Tu le dis toi même, il existe des niches pour lesquelles il est plus intéressant de s'implanter en France qu'en Suisse. Développons les. Et débrouillons-nous  pour construire des logements accessibles aux salaires en euros. En fait, ces logements existent. Si tu regarde la moyenne des revenus, commune par commune, dans le genevois français, tu t'aperçois qu'elles sont dans la moyenne française, bien qu'incluant les revenus des frontaliers, suisses ou français. Les plus élevées sont des communes rurales, comme Juvigny, où l'on ne trouve plus que des villas. Et c'est là que le bât blesse, dans ce segment du marché. Pas pour les cas sociaux, ni même pour le jeune facteur à qui la Poste trouvera toujours un logement, quitte à le construire, comme elle le fait à Paris ou Lyon.

A profession égale, une infirmière ou un contremaître travaillant en Suisse pourront s'offrir une maison à Juvigny. Pas s'ils travaillent à Annemasse. Ils devront se rabattre sur un appartement plus petit, ou accepter de faire quelques dizaines de kilomètres de route ou d'autoroute chaque matin, s'ils tiennent à leur maison. S'ils pouvaient le faire en train, ce serait mieux, mais le Genevois français a de longue date laissé péricliter ses infrastructures ferroviaires. Par ailleurs, le parc immobilier du Genevois français monte en gamme. Ce n'est pas qu'une simple question de prix du terrain. Ce qui s'y construit de plus en plus, c'est de l'habitation qui en France est considéré comme de luxe.

Tout cela est définitivement injuste, mais c'est la même chose partout, dans toutes les villes et dans tous les pays du monde. Il y a des beaux quartiers et des moins beaux, et des tout aussi sympas que les beaux, mais plus loin... Ailleurs l'existence de transports publics rend la chose vivable, ici leur absence engendre des bouchons insupportables et de la pollution inutile. Enfin ailleurs, dans les vrais grandes agglos, il y a à la fois les transports publics et les bouchons...
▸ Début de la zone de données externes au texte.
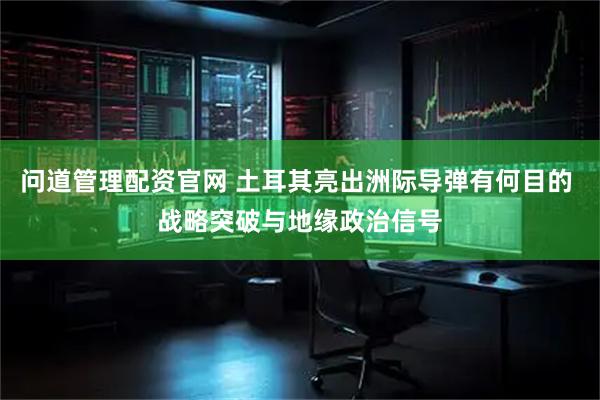 问道管理配资官网 土耳其亮出洲际导弹有何目的 战略突破与地缘政治信号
C'est ce que nous pouvons essayer d'éviter, ou du moins de réduire dans la région, car nous en avons les moyens. Nous sommes riches, parmi les plus riches du monde et nous avons encore de l'espace vierge à préserver et de la qualité de vie. Cette qualité de vie a un prix. Pour les gens qui viennent d'ailleurs, comme pour ceux qui sont d'ici depuis des générations. La maintenir, voire même l'augmenter, cette qualité de vie, passe obligatoirement par l'amélioration considérable des conditions de transport. Rater le coche des subventions fédérales en 2012 serait suicidaire, et le jeu personnel que tu mènes à cet égard, criminel. Si tu réussis dans ton plan, et j'entrevois cela comme une possibilité réelle, de faire refuser le projet d'agglo par la partie française de la région, tu auras certes assis définitivement ta notoriété politique, mais au prix de 30 ans de retard et d'embouteillages supplémentaires pour la région.

L'alternative que tu appelles de tes voeux consisterait à enrayer le développement, à chasser les multinationales (dont les anciens expats ont souvent pris racine dans la région), à licencier des gens, à voir l'immobilier s'effondrer, générant de multiples drames individuels et familiaux, bref à faire d'une région en plein boom - avec ses problèmes - une région sinistrée, avec ses problèmes bien plus grands encore. Il n'y a pas de juste milieu, dans ce genre de choses: ça marche ou ça ne marche pas. Et si toute la Gaule bégaie, et qu'une petite région peuplée d'Allobroges, résiste encore et toujours à la morosité, ce n'est pas un miracle. C'est l'effet de la potion magique genevoise. Ce n'est pas parce que tu es tombé dans le bain en étant petit, toi-même expat, fils d'expats, que tu dois l'oublier.

Commentaires

J'ajouterai qu'une bonne partie des emplois qui existent ou se créent dans le Genevois français sont directement liés à l'expansion démographique et à la présence des frontaliers, français ou suisses. En enrayant la machine, tu ne peux que déclencher une catastrophique économique majeure. Est-ce vraiment ce que tu cherches ?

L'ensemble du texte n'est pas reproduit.